Your objective:
You are asked to reproduce the listing exactly and to omit its pictures.

Recorded information:
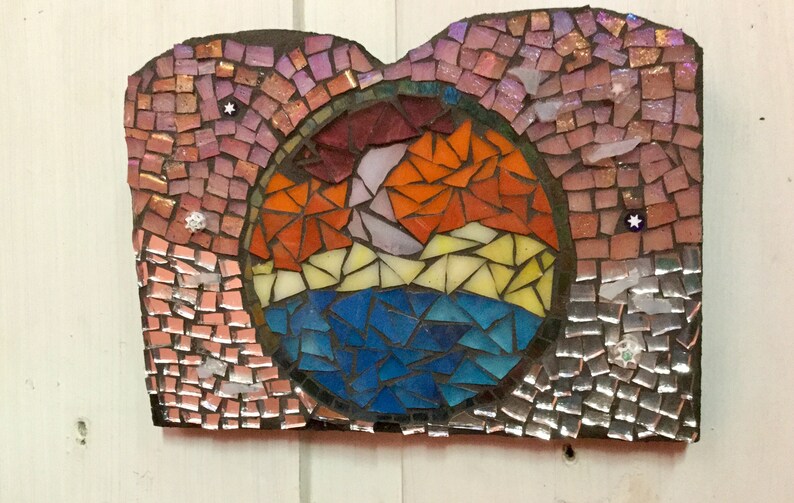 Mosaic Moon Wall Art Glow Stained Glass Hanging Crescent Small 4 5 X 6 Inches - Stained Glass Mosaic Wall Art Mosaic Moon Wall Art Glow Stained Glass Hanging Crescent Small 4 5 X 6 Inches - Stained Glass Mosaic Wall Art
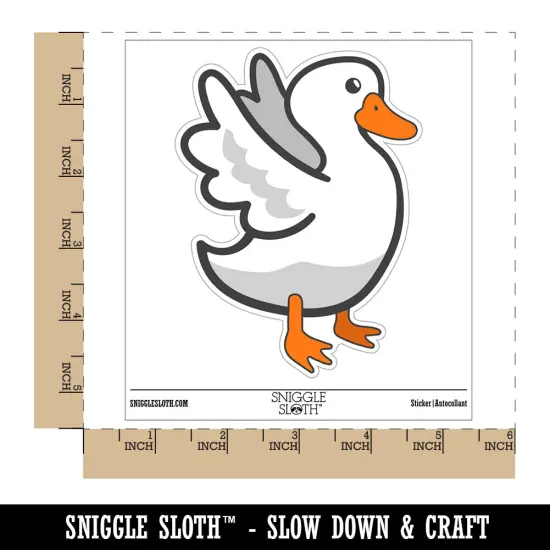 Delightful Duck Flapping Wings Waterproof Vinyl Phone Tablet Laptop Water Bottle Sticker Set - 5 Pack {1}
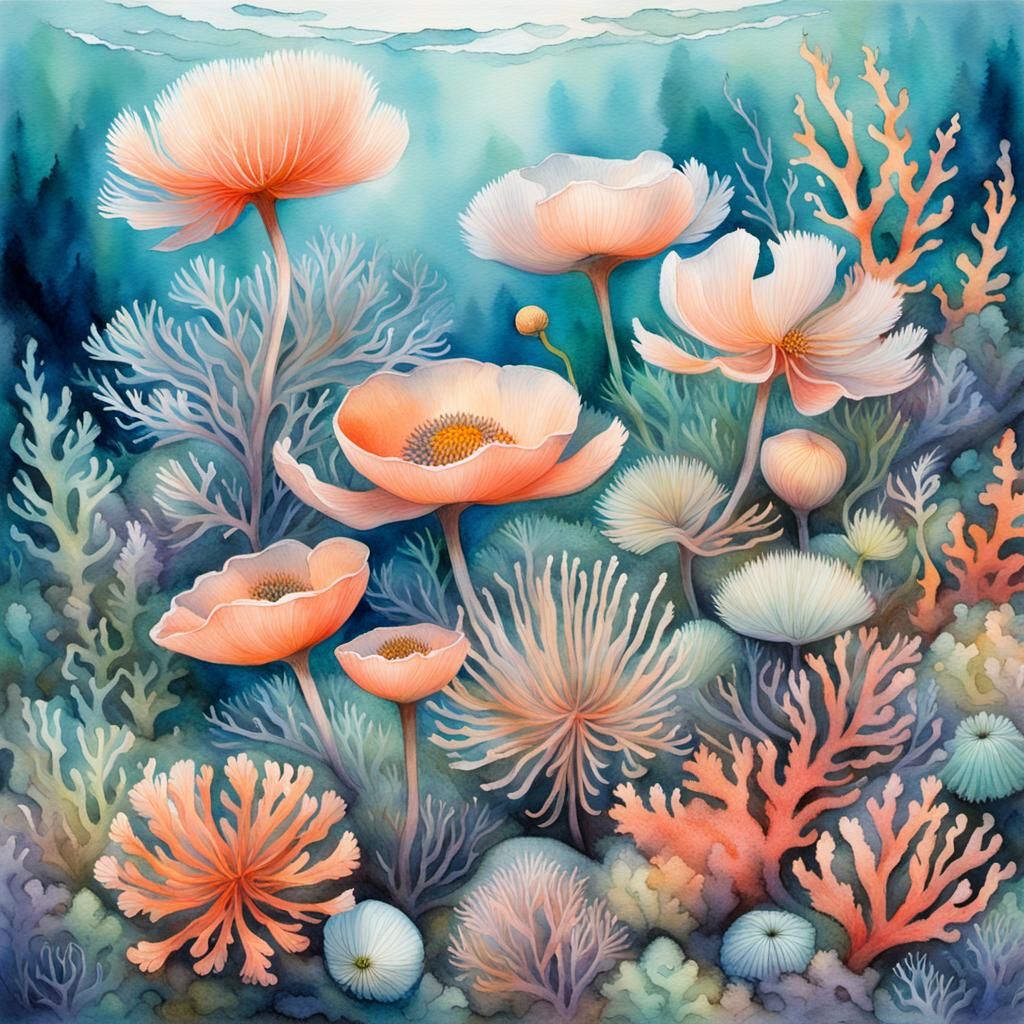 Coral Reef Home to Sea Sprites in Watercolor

Answer for the task:
 Mosaic Moon Wall Art Glow Stained Glass Hanging Crescent Small 4 5 X 6 Inches - Stained Glass Mosaic Wall Art Mosaic Moon Wall Art Glow Stained Glass Hanging Crescent Small 4 5 X 6 Inches - Stained Glass Mosaic Wall Art
 Delightful Duck Flapping Wings Waterproof Vinyl Phone Tablet Laptop Water Bottle Sticker Set - 5 Pack {1}
 Coral Reef Home to Sea Sprites in Watercolor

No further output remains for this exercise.